(Exercise goal): Please copy each line in the records below that contains the string "meme".

Data excerpts:
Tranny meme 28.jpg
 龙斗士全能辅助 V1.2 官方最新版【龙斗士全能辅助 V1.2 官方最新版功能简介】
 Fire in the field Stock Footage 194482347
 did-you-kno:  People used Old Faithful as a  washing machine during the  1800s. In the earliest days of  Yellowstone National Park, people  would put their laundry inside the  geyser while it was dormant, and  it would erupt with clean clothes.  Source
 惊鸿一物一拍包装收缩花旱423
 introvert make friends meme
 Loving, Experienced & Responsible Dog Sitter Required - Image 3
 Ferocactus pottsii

(Problem solution):
Tranny meme 28.jpg
 introvert make friends meme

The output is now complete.